DIRECTIONS FOR THIS TASK → Please restate the records that follow word for word, omitting any images.

[Data records]
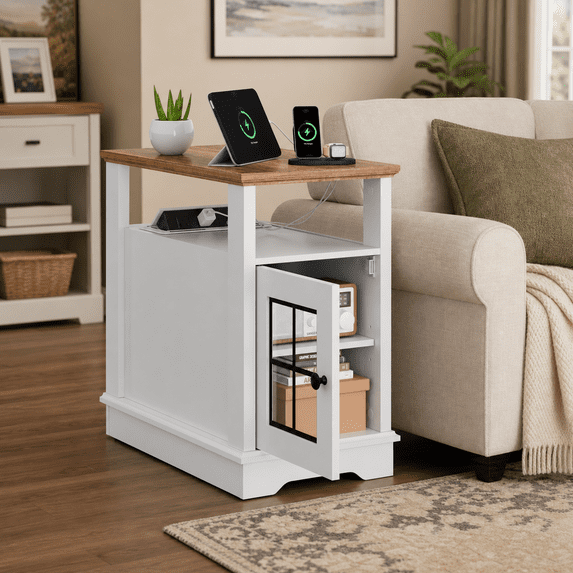 GALAXHERO Farmhouse End Table with Charging Station Narrow Side Table for Living Room Night Stand with Storage, Nightstand with USB Ports and Outlets for Bedroom White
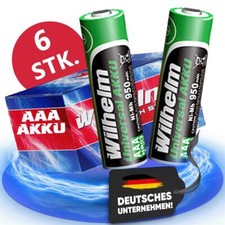 6 x AAA Mikro AKKU Wilhelm Universal Batterien wiederaufladbar 1,2 V HR03
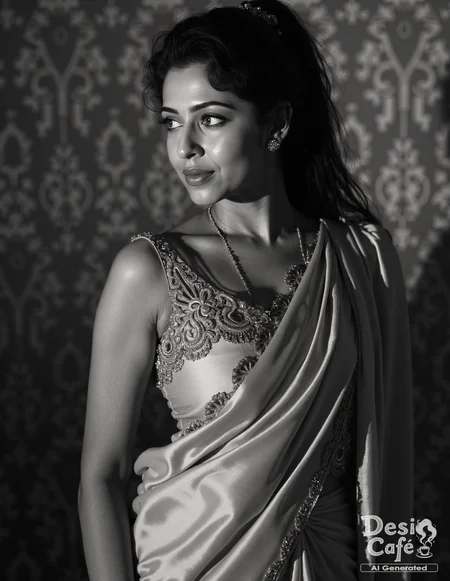 vintage still from black and white noir film photo of Sonarika Bhadoria woman, hyper realistic photo that is safe for work, shouting, studio quality image, well dressed wearing intricate sleevelessIndo-Western Gown, hair styled as high ponytail,muted shaded wallpaper background that contrasts with the person, cinematic lighting,âââââ <lora:Sonarika_Bhadoria_Flux_Kohya_V1-000002:0.8>âââ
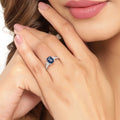 1.07 Ct Octagon London Blue Topaz and Diamond Prong Silver Three Stone Ring by Fine Color Jewels
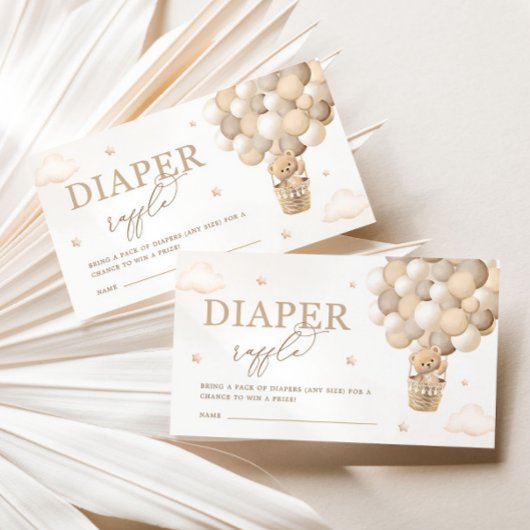ニュートラルテディベア赤ちゃんシャワーおむつラッフル エンクロージャーカード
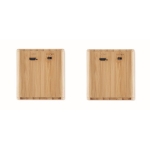Lot de 2 enceintes sans fil avec boîtier en bambou Double Set couleur bois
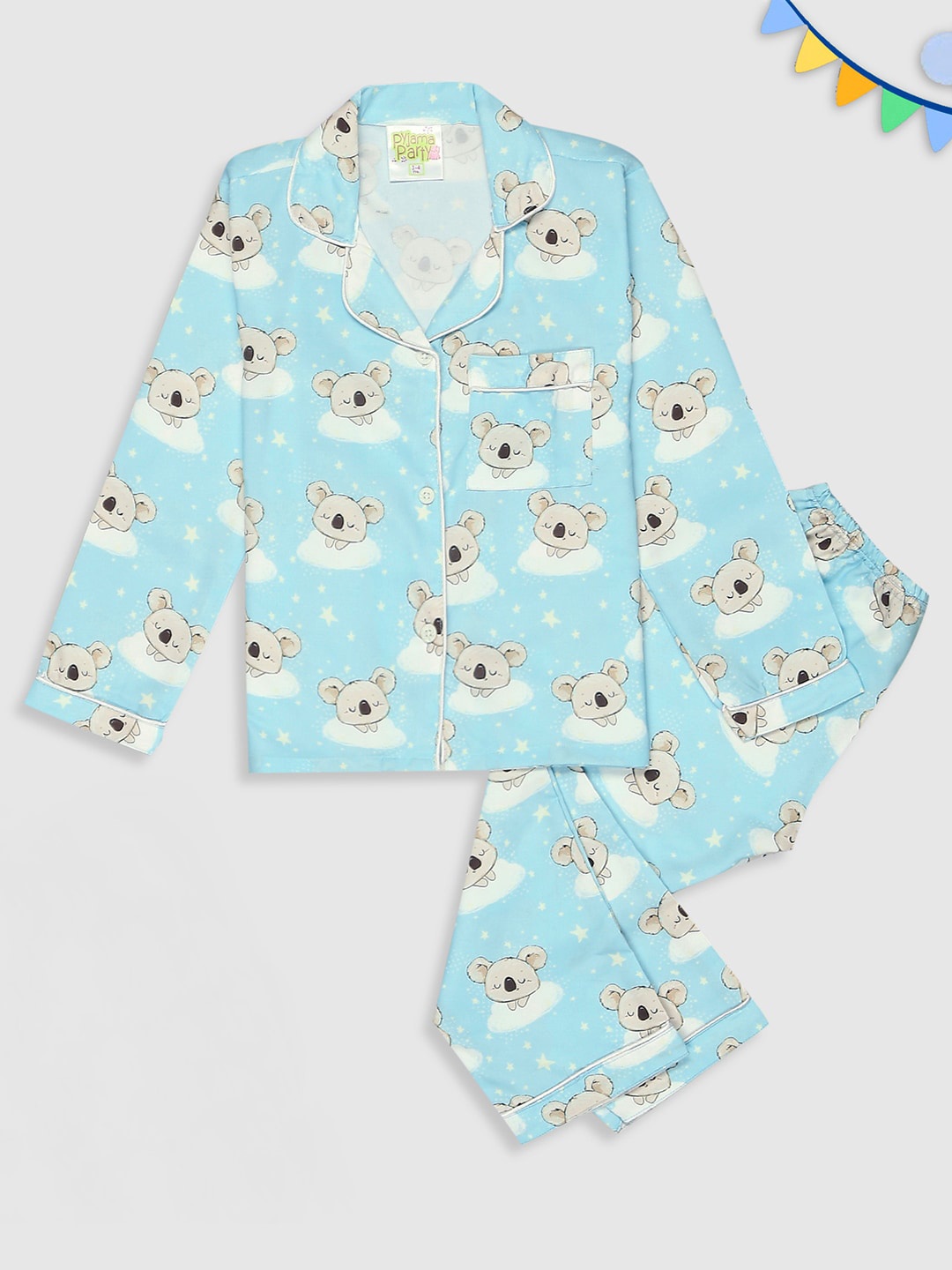 

Pyjama Party Kids Conversational Printed Cuban Collar Night suit, Green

EXERCISE OUTPUT →
 GALAXHERO Farmhouse End Table with Charging Station Narrow Side Table for Living Room Night Stand with Storage, Nightstand with USB Ports and Outlets for Bedroom White
 6 x AAA Mikro AKKU Wilhelm Universal Batterien wiederaufladbar 1,2 V HR03
 vintage still from black and white noir film photo of Sonarika Bhadoria woman, hyper realistic photo that is safe for work, shouting, studio quality image, well dressed wearing intricate sleevelessIndo-Western Gown, hair styled as high ponytail,muted shaded wallpaper background that contrasts with the person, cinematic lighting,âââââ <lora:Sonarika_Bhadoria_Flux_Kohya_V1-000002:0.8>âââ
 1.07 Ct Octagon London Blue Topaz and Diamond Prong Silver Three Stone Ring by Fine Color Jewels
ニュートラルテディベア赤ちゃんシャワーおむつラッフル エンクロージャーカード
Lot de 2 enceintes sans fil avec boîtier en bambou Double Set couleur bois

Pyjama Party Kids Conversational Printed Cuban Collar Night suit, Green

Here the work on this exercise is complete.